Gregor unfolded it. “Dear Bennis,” it said. “By now you must know this was all my fault, all of it, and the more I think about it the worse it makes me feel. I can’t understand why I cause all this trouble, or what I’m supposed to do about it afterward. Right now I’d rather be dead than alive. Sometimes I just get so confused. If I was dead, would it matter to you? Emma.”
Gregor folded it up again. “It’s a very credible note. More like what suicides actually write than most people would think. Fake notes tend to be—more direct.”
“I know. That’s because this isn’t a fake note.”
“I thought you said on the phone-—-”
“I did. I said I had a suicide note that wasn’t a suicide note. And that’s true. Emma Hannaford wrote that”—-Jackman gestured at the note again—” to Bennis Hannaford as a letter, about three months ago.
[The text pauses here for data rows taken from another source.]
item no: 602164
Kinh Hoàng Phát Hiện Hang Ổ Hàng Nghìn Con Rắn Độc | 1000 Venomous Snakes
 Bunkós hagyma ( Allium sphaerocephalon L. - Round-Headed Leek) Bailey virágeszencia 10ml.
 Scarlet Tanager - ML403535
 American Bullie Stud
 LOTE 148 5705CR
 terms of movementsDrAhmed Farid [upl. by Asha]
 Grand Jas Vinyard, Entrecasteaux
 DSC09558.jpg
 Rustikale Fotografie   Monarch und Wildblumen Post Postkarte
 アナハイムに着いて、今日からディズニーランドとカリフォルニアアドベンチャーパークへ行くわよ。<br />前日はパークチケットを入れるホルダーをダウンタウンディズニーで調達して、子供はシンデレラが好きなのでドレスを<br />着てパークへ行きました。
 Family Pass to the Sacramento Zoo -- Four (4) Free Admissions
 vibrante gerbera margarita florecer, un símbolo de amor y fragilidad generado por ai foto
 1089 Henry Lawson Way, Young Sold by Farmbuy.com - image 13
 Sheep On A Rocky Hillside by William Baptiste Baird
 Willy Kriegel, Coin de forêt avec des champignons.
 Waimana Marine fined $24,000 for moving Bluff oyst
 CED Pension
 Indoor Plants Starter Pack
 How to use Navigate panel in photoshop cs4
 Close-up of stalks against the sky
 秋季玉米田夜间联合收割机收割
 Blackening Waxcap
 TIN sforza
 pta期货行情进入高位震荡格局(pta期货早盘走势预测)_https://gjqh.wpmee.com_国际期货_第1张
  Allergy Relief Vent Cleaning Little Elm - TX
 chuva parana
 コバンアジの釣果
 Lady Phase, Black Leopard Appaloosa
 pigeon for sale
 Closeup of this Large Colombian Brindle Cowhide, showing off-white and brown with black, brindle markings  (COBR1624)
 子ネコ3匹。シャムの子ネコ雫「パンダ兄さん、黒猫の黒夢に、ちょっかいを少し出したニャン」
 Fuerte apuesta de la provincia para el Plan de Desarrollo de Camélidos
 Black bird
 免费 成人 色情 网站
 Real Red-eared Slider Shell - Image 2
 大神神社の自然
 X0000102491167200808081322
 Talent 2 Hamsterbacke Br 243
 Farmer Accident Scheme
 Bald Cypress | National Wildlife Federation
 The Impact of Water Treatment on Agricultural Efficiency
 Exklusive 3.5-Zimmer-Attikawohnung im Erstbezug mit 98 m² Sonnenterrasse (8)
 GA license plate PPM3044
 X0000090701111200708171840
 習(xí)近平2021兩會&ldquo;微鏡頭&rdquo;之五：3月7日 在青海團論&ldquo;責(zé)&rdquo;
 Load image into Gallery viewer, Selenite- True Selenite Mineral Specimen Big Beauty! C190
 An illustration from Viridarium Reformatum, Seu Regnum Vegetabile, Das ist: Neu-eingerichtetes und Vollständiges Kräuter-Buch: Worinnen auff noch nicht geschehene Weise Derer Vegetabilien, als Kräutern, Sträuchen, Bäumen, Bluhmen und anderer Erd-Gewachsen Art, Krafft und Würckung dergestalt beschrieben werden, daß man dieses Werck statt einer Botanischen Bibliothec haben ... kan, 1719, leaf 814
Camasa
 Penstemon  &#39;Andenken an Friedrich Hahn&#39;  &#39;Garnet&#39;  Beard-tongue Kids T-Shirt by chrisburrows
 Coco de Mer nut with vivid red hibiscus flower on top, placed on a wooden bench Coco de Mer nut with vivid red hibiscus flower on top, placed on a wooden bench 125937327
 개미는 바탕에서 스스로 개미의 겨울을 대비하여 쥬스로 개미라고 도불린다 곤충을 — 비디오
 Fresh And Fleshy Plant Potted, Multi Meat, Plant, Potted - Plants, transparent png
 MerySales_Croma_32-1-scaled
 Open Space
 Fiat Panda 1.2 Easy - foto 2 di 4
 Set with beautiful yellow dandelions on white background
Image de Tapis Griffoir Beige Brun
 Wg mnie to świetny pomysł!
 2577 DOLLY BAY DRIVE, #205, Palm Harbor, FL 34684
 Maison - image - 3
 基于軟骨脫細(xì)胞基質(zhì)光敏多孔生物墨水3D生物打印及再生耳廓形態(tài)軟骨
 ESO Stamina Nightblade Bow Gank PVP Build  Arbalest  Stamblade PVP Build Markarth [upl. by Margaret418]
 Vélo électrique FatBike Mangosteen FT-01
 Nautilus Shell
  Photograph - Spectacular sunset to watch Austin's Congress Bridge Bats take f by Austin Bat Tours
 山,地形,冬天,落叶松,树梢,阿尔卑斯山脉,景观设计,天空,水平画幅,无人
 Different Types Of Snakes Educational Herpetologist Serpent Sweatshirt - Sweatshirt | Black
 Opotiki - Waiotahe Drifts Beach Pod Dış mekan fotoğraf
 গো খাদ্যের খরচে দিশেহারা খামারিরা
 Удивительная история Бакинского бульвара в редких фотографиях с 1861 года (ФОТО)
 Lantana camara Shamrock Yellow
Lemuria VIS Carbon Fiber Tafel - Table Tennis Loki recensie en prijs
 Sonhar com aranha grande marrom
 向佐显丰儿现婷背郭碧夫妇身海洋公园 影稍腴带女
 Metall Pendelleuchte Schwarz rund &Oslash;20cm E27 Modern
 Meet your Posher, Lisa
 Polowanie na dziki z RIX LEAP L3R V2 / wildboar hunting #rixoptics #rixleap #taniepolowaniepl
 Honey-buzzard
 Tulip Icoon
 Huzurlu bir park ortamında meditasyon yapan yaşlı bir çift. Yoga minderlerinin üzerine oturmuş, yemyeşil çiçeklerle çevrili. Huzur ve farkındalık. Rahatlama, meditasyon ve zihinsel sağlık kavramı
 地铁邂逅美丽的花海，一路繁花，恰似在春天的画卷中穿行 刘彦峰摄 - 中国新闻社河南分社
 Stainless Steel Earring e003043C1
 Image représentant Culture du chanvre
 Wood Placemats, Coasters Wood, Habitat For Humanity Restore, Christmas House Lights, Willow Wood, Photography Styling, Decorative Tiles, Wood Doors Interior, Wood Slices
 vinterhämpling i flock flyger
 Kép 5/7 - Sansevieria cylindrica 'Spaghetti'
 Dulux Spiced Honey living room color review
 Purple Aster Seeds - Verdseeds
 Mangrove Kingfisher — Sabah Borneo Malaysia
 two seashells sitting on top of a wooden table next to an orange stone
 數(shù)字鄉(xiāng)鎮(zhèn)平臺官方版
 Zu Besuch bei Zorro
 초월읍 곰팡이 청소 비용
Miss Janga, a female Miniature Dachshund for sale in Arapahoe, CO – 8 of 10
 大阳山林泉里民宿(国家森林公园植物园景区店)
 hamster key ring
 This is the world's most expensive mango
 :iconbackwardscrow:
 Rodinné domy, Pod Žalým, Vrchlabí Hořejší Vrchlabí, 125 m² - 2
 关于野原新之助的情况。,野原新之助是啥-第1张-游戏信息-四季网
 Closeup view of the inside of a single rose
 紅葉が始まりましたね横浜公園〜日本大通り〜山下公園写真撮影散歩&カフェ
It worried the hell out of Bennis, so she kept it. She says she’s been meaning to talk to Emma about it ever since they all got to Engine House, but she hasn’t had the chance. And this morning, that note was sitting in her pocketbook, on her bed, in her bedroom, just where she’s been keeping it since the day she got it. She says she saw it there at ten-forty-five.”
“I take it there’s some significance to ten-forty-five,” Gregor said.
Jackman shrugged. “Not as much as I’d like, but enough.” He looked around until he found his notebook, discarded absent-mindedly on top of the windowseat. He picked it up and flipped through the pages. “I took some time and made out a table, as far as I could, from the little questioning I’ve been able to do since I got here. It’s not complete, but it’s got some interesting points. You want to hear them?”